Before working as a producer on “Spotlight,” Blye Faust appreciated the work of investigative journalists and the need for investigative reporting.
“But I don’t think I really fully comprehended the necessity and its reach and depth and power until ‘Spotlight,'” she said.
The film, which tells the story of Boston Globe journalists discovering a child molestation cover-up in the Catholic church, recently won the Screen Actors Guild award for outstanding cast in a motion picture. It’s also nominated for several Academy Awards, most notably in the best picture category.
“It hit us that if they had not done what they had done, would we be sitting here still in the dark?
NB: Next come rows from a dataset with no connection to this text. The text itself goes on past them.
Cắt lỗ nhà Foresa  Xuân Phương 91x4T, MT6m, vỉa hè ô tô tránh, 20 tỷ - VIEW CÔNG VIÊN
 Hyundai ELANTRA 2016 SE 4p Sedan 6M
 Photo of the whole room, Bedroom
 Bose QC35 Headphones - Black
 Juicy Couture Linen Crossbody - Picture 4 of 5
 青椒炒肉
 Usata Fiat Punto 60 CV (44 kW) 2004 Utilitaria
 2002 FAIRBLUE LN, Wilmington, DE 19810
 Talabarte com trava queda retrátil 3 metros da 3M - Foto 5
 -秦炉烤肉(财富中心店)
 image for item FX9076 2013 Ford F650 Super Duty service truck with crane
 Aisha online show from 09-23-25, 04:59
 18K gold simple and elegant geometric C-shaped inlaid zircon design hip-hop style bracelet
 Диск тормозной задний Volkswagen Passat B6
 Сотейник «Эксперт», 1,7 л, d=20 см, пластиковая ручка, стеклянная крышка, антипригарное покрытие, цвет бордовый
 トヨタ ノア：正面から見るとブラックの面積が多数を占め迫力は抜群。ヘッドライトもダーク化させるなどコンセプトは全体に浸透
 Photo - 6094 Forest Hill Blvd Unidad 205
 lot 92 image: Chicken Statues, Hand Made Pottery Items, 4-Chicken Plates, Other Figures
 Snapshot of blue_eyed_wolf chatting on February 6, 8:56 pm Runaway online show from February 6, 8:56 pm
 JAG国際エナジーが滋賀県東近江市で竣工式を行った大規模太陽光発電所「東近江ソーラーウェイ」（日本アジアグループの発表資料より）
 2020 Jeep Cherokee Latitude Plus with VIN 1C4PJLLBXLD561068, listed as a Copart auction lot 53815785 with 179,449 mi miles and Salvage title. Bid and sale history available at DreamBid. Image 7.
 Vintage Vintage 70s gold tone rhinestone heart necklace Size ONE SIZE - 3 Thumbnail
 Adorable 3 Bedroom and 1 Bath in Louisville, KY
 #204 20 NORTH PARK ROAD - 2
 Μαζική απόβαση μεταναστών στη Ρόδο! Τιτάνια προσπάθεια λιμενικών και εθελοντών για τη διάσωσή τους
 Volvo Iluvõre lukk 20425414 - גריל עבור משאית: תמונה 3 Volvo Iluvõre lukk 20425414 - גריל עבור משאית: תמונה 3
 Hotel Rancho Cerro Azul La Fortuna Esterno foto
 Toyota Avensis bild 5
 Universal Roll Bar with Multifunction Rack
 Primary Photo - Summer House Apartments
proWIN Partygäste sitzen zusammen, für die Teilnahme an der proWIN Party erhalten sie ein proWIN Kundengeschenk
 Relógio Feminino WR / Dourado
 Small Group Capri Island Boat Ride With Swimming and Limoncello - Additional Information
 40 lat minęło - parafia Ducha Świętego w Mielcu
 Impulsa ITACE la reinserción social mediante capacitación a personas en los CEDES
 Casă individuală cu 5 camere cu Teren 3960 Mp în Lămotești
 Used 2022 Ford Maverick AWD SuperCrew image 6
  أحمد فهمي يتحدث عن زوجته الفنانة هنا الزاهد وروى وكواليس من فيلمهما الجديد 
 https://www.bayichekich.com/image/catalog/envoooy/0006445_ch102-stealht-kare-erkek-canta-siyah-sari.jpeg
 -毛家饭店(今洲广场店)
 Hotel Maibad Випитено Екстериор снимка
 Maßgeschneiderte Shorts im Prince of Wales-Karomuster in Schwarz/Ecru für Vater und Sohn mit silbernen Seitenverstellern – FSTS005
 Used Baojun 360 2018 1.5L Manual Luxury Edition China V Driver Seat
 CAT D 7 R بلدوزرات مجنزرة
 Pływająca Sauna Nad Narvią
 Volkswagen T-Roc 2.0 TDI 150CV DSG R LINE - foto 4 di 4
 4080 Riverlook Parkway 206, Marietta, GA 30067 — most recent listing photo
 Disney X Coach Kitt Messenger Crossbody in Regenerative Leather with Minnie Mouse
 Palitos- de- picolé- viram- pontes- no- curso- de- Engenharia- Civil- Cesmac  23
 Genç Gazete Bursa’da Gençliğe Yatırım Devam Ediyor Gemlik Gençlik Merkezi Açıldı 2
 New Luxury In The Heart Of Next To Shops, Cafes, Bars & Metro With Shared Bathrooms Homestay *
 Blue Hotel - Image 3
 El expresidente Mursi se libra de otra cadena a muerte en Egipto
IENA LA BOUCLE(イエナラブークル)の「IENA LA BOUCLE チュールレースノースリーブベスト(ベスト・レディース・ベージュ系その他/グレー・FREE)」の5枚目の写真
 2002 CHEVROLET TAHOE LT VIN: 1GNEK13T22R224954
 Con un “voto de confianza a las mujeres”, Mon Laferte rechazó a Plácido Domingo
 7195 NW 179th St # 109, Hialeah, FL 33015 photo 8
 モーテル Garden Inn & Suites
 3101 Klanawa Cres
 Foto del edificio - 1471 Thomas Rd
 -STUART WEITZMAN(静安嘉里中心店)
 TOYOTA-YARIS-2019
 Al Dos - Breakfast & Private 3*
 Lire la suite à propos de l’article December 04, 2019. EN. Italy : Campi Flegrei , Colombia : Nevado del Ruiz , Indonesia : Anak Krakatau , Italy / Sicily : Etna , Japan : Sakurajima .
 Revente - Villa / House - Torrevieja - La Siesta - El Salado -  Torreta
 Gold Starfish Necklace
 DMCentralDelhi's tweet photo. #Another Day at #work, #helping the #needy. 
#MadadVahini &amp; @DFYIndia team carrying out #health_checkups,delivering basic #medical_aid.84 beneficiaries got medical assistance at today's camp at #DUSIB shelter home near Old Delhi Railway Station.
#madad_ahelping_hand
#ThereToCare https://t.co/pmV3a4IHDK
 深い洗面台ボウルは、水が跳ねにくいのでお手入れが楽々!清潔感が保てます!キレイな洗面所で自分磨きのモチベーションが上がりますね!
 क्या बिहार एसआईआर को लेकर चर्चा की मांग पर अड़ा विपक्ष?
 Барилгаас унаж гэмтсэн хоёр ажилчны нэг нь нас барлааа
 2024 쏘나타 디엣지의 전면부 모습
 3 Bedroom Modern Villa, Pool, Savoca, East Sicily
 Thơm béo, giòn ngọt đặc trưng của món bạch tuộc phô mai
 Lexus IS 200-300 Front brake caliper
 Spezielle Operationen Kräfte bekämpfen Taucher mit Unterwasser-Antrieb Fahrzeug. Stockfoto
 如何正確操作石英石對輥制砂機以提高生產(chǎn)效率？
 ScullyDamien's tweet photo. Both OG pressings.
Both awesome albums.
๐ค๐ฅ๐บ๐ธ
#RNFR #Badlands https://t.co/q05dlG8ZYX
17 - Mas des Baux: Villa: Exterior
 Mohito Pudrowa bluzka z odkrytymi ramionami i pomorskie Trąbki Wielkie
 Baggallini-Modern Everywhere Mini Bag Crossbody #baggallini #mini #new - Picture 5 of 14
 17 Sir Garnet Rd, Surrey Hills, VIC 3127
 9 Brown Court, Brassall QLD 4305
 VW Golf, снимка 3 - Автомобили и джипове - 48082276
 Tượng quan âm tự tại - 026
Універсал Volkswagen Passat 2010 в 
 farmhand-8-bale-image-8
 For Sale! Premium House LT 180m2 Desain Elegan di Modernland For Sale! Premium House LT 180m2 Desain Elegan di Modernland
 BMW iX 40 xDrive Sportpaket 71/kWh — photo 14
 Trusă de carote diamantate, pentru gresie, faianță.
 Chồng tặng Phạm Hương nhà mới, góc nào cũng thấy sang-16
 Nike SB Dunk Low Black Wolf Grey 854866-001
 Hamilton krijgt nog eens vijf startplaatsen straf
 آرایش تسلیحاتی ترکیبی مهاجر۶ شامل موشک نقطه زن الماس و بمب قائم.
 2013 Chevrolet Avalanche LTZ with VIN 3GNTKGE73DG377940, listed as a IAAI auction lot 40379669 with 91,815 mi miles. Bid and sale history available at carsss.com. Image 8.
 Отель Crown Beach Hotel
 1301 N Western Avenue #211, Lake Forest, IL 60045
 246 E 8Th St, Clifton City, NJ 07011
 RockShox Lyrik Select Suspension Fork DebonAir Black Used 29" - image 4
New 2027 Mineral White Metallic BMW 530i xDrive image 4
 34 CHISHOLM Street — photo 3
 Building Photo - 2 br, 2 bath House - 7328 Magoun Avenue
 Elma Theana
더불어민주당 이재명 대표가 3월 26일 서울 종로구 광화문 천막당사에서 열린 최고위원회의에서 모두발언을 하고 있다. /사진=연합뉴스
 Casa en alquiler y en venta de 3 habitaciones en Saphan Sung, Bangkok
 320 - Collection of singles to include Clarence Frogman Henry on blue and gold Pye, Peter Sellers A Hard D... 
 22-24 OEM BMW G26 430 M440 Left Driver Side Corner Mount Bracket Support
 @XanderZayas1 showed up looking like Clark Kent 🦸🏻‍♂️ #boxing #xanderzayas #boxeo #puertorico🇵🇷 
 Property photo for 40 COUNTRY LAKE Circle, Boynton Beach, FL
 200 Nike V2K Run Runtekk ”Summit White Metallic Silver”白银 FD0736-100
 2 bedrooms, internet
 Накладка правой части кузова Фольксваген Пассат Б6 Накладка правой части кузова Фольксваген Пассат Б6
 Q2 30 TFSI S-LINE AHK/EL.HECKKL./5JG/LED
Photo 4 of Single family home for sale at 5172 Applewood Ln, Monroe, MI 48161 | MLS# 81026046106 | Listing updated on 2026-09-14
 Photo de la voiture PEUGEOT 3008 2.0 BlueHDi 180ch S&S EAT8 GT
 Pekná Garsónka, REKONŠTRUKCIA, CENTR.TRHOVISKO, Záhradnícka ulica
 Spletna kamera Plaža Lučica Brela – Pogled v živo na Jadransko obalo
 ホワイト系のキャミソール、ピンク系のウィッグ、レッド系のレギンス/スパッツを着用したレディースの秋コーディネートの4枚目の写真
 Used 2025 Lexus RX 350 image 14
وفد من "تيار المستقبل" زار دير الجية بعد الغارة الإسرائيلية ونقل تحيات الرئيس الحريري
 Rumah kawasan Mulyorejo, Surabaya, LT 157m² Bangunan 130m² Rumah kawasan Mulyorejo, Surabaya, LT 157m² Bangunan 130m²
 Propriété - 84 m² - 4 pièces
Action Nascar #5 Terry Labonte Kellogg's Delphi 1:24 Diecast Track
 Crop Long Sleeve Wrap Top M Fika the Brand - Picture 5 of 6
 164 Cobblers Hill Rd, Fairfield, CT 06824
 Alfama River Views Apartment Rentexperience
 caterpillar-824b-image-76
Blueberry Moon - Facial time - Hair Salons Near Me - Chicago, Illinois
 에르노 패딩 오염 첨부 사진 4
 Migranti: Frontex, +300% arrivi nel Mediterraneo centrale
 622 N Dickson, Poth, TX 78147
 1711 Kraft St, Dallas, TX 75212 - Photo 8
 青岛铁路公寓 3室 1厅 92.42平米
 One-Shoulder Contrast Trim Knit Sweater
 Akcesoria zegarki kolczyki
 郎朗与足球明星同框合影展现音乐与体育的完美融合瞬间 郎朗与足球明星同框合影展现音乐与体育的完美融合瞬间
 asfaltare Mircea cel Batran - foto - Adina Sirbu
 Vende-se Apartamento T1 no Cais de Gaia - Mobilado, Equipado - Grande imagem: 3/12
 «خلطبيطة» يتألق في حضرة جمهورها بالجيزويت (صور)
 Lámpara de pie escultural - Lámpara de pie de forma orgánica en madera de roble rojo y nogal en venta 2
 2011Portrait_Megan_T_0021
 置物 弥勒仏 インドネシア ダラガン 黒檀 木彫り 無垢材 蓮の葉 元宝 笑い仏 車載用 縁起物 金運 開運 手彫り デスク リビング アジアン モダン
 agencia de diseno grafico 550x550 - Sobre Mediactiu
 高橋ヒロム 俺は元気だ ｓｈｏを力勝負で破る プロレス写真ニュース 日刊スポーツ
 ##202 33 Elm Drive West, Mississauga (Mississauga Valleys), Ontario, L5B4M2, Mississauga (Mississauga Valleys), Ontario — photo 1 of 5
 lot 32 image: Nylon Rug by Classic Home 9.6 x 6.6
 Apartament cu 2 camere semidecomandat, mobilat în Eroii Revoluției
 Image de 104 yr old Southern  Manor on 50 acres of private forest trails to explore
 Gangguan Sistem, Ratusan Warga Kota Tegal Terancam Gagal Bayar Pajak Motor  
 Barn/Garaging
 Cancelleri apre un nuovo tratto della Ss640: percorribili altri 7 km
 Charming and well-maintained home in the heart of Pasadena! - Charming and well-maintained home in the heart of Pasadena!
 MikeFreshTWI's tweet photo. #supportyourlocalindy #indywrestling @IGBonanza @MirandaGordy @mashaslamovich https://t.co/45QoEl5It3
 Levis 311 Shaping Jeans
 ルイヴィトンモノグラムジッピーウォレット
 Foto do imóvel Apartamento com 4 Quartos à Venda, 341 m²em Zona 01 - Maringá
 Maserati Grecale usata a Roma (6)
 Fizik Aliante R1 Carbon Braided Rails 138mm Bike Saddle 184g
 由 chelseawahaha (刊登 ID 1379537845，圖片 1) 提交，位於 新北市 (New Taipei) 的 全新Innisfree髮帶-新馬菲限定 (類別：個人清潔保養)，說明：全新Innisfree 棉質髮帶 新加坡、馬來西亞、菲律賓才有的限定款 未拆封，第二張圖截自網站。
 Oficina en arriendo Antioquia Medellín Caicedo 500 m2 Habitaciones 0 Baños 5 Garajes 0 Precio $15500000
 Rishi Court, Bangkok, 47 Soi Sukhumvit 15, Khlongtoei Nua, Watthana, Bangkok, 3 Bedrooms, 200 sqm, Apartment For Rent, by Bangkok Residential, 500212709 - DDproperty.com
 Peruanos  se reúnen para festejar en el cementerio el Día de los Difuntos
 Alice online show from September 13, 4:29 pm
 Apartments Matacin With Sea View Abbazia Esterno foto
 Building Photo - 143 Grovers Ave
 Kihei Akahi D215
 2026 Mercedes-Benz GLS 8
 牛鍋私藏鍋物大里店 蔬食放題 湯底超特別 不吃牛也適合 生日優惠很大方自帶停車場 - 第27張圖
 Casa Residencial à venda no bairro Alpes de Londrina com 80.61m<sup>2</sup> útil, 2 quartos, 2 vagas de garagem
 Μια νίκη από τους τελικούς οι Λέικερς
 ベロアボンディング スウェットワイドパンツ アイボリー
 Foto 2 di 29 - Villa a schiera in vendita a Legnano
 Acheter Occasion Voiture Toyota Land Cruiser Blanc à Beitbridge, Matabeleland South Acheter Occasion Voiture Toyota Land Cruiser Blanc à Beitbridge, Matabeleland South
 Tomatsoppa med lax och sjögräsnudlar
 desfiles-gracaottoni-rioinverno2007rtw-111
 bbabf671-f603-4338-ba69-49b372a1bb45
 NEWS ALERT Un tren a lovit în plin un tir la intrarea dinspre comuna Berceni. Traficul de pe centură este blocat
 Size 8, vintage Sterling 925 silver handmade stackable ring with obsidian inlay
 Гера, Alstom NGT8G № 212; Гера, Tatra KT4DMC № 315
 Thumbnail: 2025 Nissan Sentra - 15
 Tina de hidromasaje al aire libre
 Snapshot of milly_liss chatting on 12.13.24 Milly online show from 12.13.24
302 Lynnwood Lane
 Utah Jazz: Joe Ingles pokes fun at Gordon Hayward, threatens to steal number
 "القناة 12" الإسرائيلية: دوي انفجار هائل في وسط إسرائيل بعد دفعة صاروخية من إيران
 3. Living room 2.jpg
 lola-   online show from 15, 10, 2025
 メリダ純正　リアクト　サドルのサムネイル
And if not, how long would it have taken people to put the pieces together in the way that they did?” Faust said in a phone interview with Poynter. “That, to us, was an incredibly powerful thought. It immediately drove home to us the importance of the work that these guys do.”
Last week, Faust joined the board of directors of The Center for Investigative Reporting. Before making “Spotlight,” Faust and the co-founder of her production company, Nicole Rocklin, knew changes had hit journalism.
“But I don’t think we fully comprehended the depth of the adverse effects, in particular with these investigative teams,” Faust said. “I took it for granted that they had these investigative units and they did deep investigative reporting and they had the resources to do it.”
In December of last year, Margaret Sullivan, The New York Times’ public editor, wrote about the uncertain future of local investigative journalism.
Martin Baron — who pushed hard for the church investigation from his first day as chief editor of The Globe, and is now executive editor of The Washington Post — is uneasy about the future of local investigative reporting. “It’s a cause for grave concern,” he told me.
At the moment, he said, investigative journalism at the local level isn’t dead. “There’s a fair amount that is still going on. Some fine work is being done. But resources are diminished and the will to do this work may have atrophied.”
In the second part of her series, Sullivan notes the some smaller news organizations have increased their investigative reporting efforts, and there are newer organizations doing investigative work, too.
In addition to national nonprofits — including ProPublica, the Center for Investigative Reporting and the Center for Public Integrity — many cities now have local ones. (The Texas Tribune probably is foremost.)
The story told in “Spotlight” shows what journalists at the Globe were able to do then, Faust said, and it speaks to the power and necessity of what other investigative news teams and organizations can do now.
“It shows the power to change the world. They really did. That, to me, is astounding,” she said. “This is a local story. This is a local team of journalists doing work, boots on the ground, knocking on doors, meeting people face-to-face, and the work that they did on a local level ended up being a global story. In terms of journalism, that is something we’ve really lost, that local reporting, and it’s something that we all need.”